Перед лечением важно было проанализировать ситуацию и установить все причины неудачи предыдущего лечения. Только при устранении всех причин возможно успешное повторное лечение.

На основании клинической картины, анамнеза и данных рентгенографического (визиографического) обследования причинами апикального периодонтита 11 12 зубов можно было посчитать:

  1. Недостаточно широкая разработка каналов.
  2. Недостаточно плотное пломбирование корневых каналов.
  3. Недостаточно тщательную распломбировку каналов под штифты.
  4. Неравномерное распределение цемента при фиксации штифтов в каналах.
  5. Негерметичное восстановление коронковых частей.

Причиной же локализованного гингивита явилось, без всякого сомнения, наличие нависающих краёв коронок 11 и 12 зубов. Положительным моментом явилось отсутствие патологических карманов, вследствие чего прогноз выглядел благоприятным со стороны пародонта.

В ходе лечения не все предполагаемые причины неудачи лечения нашли подтверждение. Разработка каналов в апикальных частях оказалась даже избыточной, верхушечные сужения не были сохранены. Это не позволило во время предыдущего лечения создать герметичную корневую пломбу. Реставрации коронковых частей после снятия коронок представлялись герметичными, однако это не повлияло на развитие периодонтита. Количества микроорганизмов в негерметично закрытых корневых каналах было достаточно для развития воспалительного процесса. По всей видимости, дезинфекция каналов во время предыдущего лечения тоже была проведена не достаточно тщательно. В остальном предположения о причинах неудачи предыдущего лечения подтвердились.

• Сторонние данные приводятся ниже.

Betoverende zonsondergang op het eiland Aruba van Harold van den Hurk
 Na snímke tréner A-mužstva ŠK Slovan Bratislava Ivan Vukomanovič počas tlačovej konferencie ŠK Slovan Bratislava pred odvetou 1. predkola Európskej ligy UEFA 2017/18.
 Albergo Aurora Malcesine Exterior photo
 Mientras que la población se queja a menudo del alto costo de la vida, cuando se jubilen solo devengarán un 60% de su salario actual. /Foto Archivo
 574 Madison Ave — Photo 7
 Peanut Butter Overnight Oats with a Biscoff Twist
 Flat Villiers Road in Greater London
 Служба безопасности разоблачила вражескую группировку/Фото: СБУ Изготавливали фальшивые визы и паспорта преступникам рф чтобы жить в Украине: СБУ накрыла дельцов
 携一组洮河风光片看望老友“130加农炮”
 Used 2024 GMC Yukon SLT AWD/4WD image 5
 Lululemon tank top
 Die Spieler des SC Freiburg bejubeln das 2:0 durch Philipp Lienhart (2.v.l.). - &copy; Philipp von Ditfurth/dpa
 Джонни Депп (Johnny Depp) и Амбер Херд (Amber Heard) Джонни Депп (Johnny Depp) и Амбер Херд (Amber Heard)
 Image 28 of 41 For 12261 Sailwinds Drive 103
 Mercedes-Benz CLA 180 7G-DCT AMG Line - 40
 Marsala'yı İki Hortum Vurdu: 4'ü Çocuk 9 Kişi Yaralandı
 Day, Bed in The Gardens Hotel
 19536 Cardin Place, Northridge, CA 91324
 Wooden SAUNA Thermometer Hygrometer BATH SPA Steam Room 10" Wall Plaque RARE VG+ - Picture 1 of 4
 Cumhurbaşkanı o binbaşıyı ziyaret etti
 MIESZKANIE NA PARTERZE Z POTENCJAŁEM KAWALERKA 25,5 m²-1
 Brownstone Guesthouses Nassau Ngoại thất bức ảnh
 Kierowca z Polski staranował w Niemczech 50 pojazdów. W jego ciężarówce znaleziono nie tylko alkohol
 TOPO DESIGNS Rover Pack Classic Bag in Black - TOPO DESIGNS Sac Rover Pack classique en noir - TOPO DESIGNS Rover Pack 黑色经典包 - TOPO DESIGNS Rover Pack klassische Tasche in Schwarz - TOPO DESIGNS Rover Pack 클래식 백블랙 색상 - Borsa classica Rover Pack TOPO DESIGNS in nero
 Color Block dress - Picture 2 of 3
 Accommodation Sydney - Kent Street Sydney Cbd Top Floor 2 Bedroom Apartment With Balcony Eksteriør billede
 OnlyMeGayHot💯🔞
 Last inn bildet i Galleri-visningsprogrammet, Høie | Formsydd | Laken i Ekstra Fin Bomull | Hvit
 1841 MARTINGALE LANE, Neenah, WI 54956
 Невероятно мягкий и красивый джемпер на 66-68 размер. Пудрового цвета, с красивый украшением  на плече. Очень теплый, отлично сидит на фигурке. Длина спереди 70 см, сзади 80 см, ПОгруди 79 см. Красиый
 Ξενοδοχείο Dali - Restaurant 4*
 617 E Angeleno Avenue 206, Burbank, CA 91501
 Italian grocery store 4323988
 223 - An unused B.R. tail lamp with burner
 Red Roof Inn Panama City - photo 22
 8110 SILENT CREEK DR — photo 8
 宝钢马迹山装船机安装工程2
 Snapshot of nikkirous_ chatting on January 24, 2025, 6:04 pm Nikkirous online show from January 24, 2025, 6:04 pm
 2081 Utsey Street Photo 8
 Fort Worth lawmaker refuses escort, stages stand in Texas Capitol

Лечение удалось провести, практически не отклоняясь от первоначального плана. Манипуляции и сроки не отличались от предложенных пациентке. Результат лечения подтвердил правильность выводов о неудачах предыдущего лечения. Негативный опыт предыдущего лечения несколько повлиял на отношение пациентки к к лечению как таковому. Некоторая настороженность в оценках и ожиданиях прослеживалась на протяжении всего срока лечения. Однако, она практически полностью была удовлетворена результатом лечения. Примечательно, что эстетическая составляющая лечения была оценена пациенткой гораздо выше, чем лечебная, что характерно для большинства людей, получивших лечение у стоматолога. С профессиональной же точки зрения, эффективно вылечить хронический апикальный периодонтит с несохранённым апикальным сужением было намного сложнее, чем восстановить зубы  безметалловыми коронками. Повторное лечение и протезирование в подобных случаях требует высокой степени согласованности в действиях терапевта-стоматолога и ортопеда-стоматолога, поскольку многие ортопедические и тарaпевтические манипуляции проводились в одно посещение (снятие постоянной коронки, извлечение штифта, распломбировка канала, изготовление и фиксация временной коронки). Кроме того, важна роль каждого из специалистов в постановке диагноза, анализе причин неудачи прошлого лечения и разработке плана повторного лечения. Лучше, если найдётся специалист, способный самостоятельно провести эндодонтическое и ортопедическое лечение, как и было в данном клиническом случае.